Those who believe in this possibility are defenders of a technology-based new era of evolution: machines will not only be able to replicate all human qualities, but will merge with humans and generate a new species of super-intelligent beings. This merger, together with the exponential speed of technological advancement, will eventually alter the very nature of reality, resulting in a technological Singularity (Kurzweil, 2005).

There are many advocates of Strong AI. Marvin Minsky (1990) and Ray Kurzweil (1999, 2005, 2006) stand as two of its most prominent representatives. According to John Searle (1980), Strong AI refers to “the claim that the appropriately programmed computer literally has cognitive states and that the programs thereby explain human cognition” (Searle, 1980, p. 417). There are two main ways in which AI could achieve this goal. The first is based on programming that tries to represent the symbolic structures of human minds; the second is based on the study and artificial replication of neural networks within the brain.

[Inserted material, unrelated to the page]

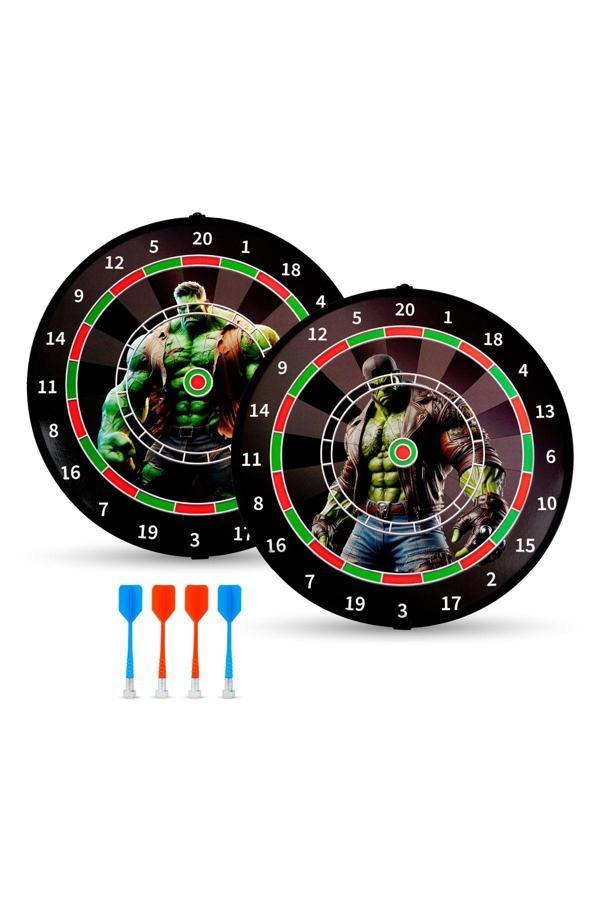 Mubx 4 Oklu Mıknatıslı Dart Seti Çift Yönlü Manyetik Dart Askılı Dartboard - Image 1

Minsky (1990) refers to the effort of trying to achieve Strong AI through symbolic research the “top-down approach”, and of trying to achieve Strong AI through connectionist research the “bottom-up” approach. The first strategy would depend highly on interpretation, context and self. The second depends on nothing but decoding the functions of neural networks and programming artificial ones. Therefore, the symbolic approach in AI has been vanishing, while the connectionist approach has continued to prosper.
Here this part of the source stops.